These darn Finns and their good times!
Marek and Olli met me at the hotel at 9am to begin the day with a ride to a ride. By that I mean we had to ride about 12k to the start of a high speed long ride hosted by the Cycle Club Helsinki. It was originally planned for me to go on the ride with the club, but 120ks at 30kph average speed is WAY beyond my abilities, even on my best day. I think there might have been some confusion in the planning. I mentioned to our hosts when we met at WABA before the trip that the DC Mayor was a triathlete. When I arrived, everyone assumed that it was I who was in fact the triathlete. The reality it is actually more likely that I would be the Mayor of DC than someone who can ride that hard for that long.
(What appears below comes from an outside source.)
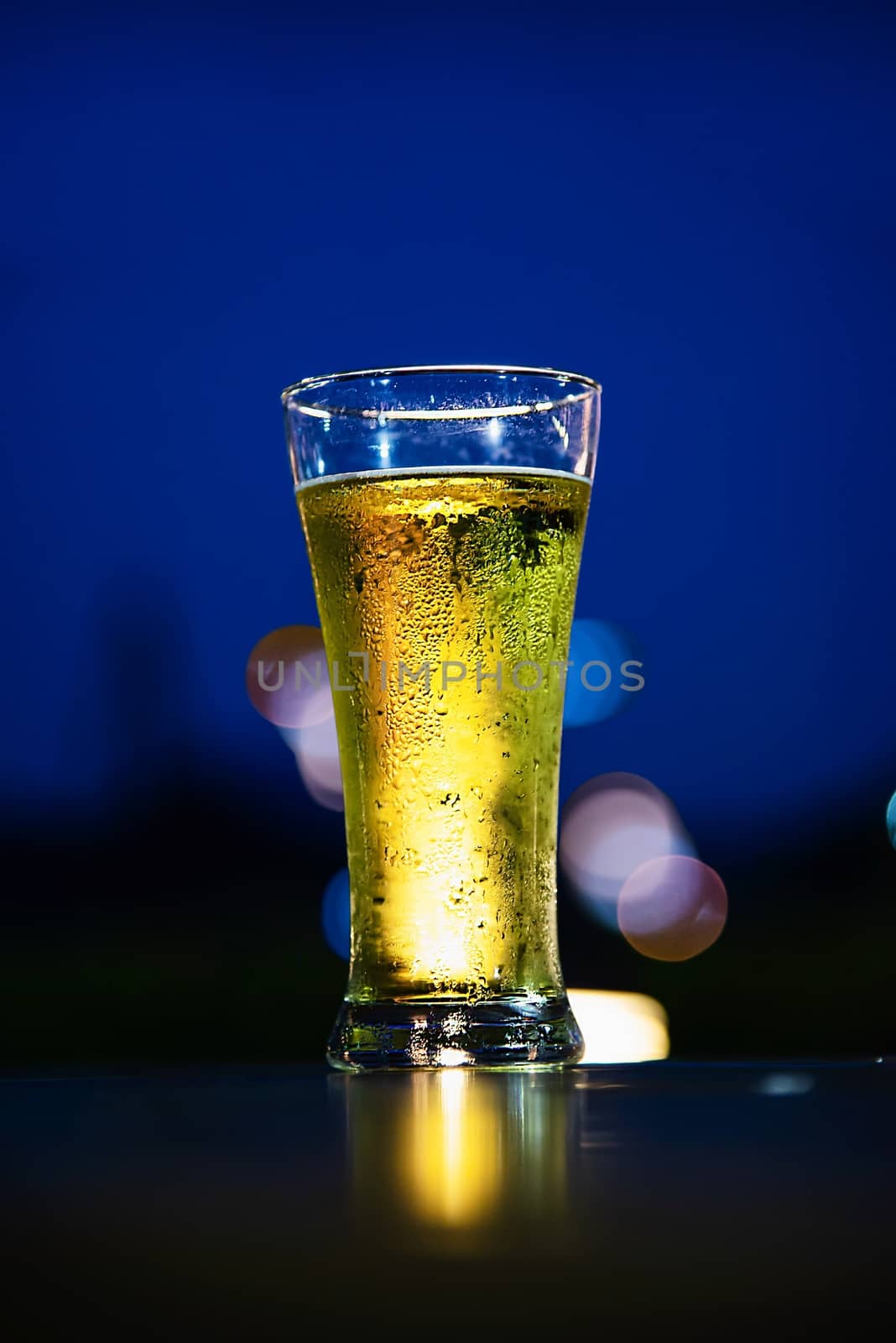 Cool beer glass in twilight - relax with beer in garden concept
Either way, everyone was very acccomodating. Marek arrived with a puncture (the killer gravel claims another victim), but caught up with Ollie and I before we got far from the hotel. We had a pretty quick ride out to the starting point at a McDonalds in Siltamäki. Along the way we continued our conversation about the benefits and drawbacks cycle tracks. Even the quite neighborhoods we passed along the way had wide cycle tracks along the road, which might be overkill in quite neighborhoods. In fact, cycle tracks are a lot more expensive to build, more difficult to maintain and increase the amount of impervious surface. We also spoke of the challenges at intersections where most bike crashes occur. While this is no an issue at this time of the year, in the late spring and summer when the trees and bushes between the road and the track bloom, cyclist will be hidden from cars which could be a safety challenge.
The ride out was a combination of on road riding, cycle tracks and bike trails, mostly paved. There were particularly long sections of path along higher speed, narrow roads that were very beneficial. If we could mandate such designs in the US, it would go a long way toward getting more people out on bikes as it would make travel much more safe and convenient.
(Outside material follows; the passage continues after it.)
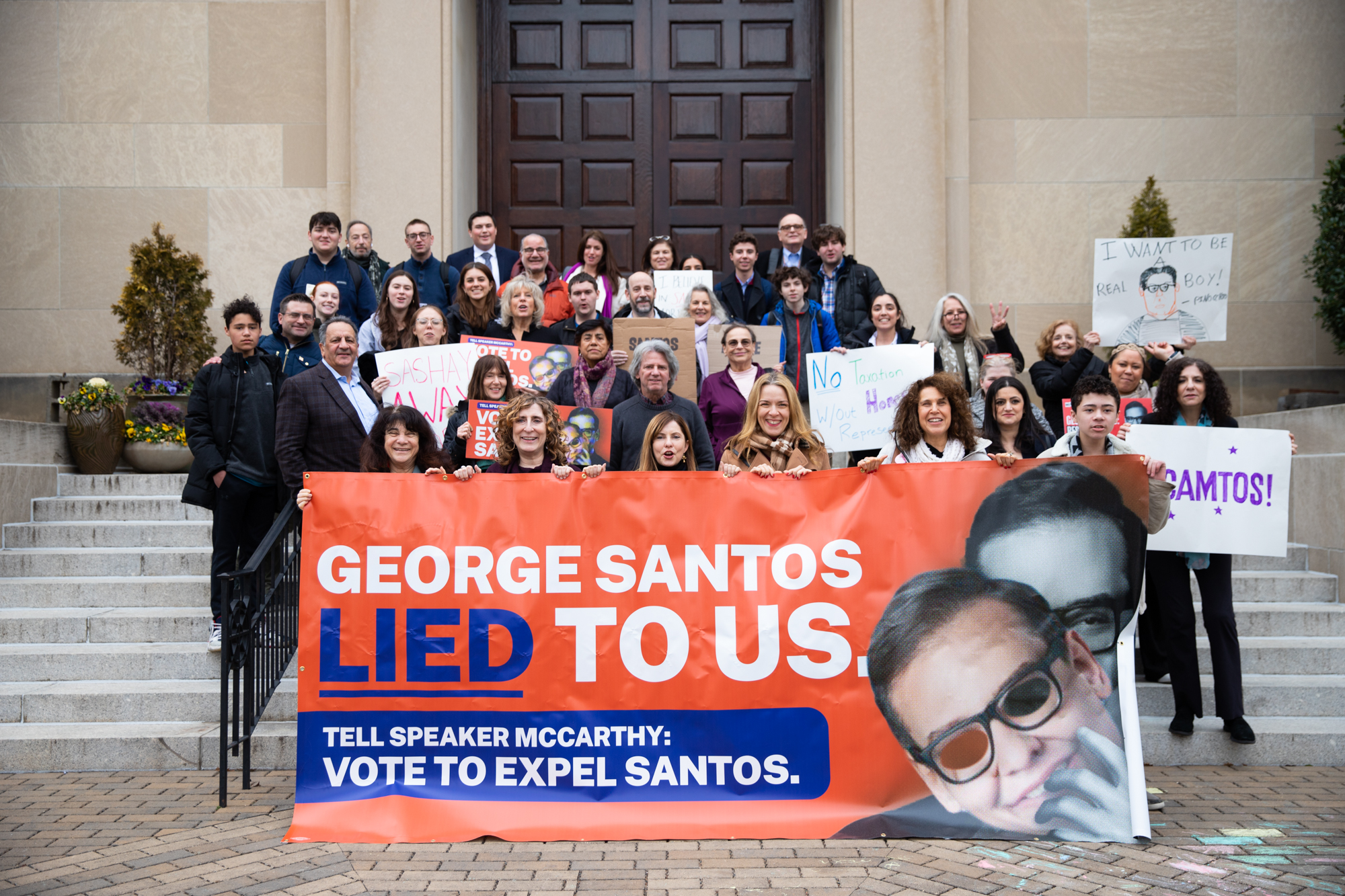 Constituents of Rep. Santos hold signs saying,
After everyone left on their quest for pain, Ollie and Reijo from the Cycling Club and I plotted out an interesting route that would take us further north away from the city, then west, skirting the base of the airport in Vantaa toward a set of falls along the Vantaa River. From there the plan was to head south into the Helsinki Central Park to meet up with other club members at a cafe called Maunulanpuisto, which is a traditional starting/ending point for the club rides.
We passed an old church that was constructed in the 1500s and rode along an old Post Road that once linked Stockholm with St. Petersburg a long time ago. We passed through new subdivisions that also had easy bike access. Oddly, we came across a lot of childred dressed as witches who were apparently trick or treating for easter. I still dont get it.
After stopping by the Vantuu falls area we started heading south, back toward the center of the city. Before hitting Helsinki Central Park, our route mainly ran along the E12, one of the largest roads in the country. Again, even this road had a path along side it that reminded me a lot of the Custis Trail along I66 in Virginia.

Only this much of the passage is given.